The Indian stock market demonstrated remarkable resilience last week, with investors actively purchasing during every market dip. Key benchmark indices continued their upward movement for the second consecutive week, achieving a record weekly closure for the current year. The market showed inherent strength amid broader participation and decoupling from global uncertainties, settling the week around the 26,070 zone with a solid 0.61% gain.
Market Outlook and Key Levels
Sumeet Bagadia, Executive Director at Choice Broking, maintains a positive outlook on the Indian stock market as the Nifty 50 index remains firmly above the 26,000 mark. The expert highlighted that the 50-stock index has established crucial support at 25,800. A break below this level would significantly weaken market sentiment.
On the resistance front, the key index faces a hurdle at 26,200. According to Bagadia, "Breaking above this resistance on a closing basis would mean the index is heading towards 26,700 in the near term." Despite profit-booking triggers on Friday, the overall market sentiment remains optimistic with the index maintaining its position above 26,000.
Top Stock Recommendations for Monday
For investors seeking trading opportunities on Monday, Sumeet Bagadia has identified three promising stocks with clear entry points, targets, and stop-loss levels.
Maruti Suzuki: Riding the Long-Term Uptrend
Maruti Suzuki shares are currently trading around ₹15,977 and continue to move in a sustained long-term uptrend. The stock experienced a mild retracement recently, consolidating near the 50-day EMA where it found strong buying interest.

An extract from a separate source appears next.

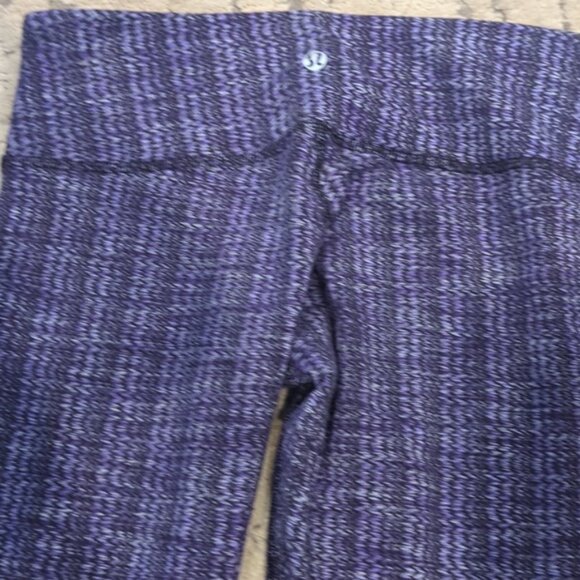 Lululemon Wunder Under Pant Ziggy Wee Caspar - Picture 3 of 5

This support zone has helped the stock resume its upward movement, indicating potential for further upside momentum.
The price structure shows continuation of the broader bullish trend, supported by consistent higher lows and renewed strength. The stock is trading above its key 20, 50, and 200-day EMAs, reaffirming robust bullish bias. RSI at 56.70 has bounced back from the oversold zone, suggesting improving momentum.
Trading strategy: Buy at ₹15,977 with stop-loss at ₹15,300 and target price of ₹17,250.
IndiGo: Preparing for Breakout
IndiGo shares are trading around ₹5,843.50, maintaining their long-term uptrend. After a brief retracement, the stock has been consolidating within a sideways range, indicating healthy price digestion before the next move. The stock faces falling trendline resistance near ₹5,850 and is on the verge of a breakout.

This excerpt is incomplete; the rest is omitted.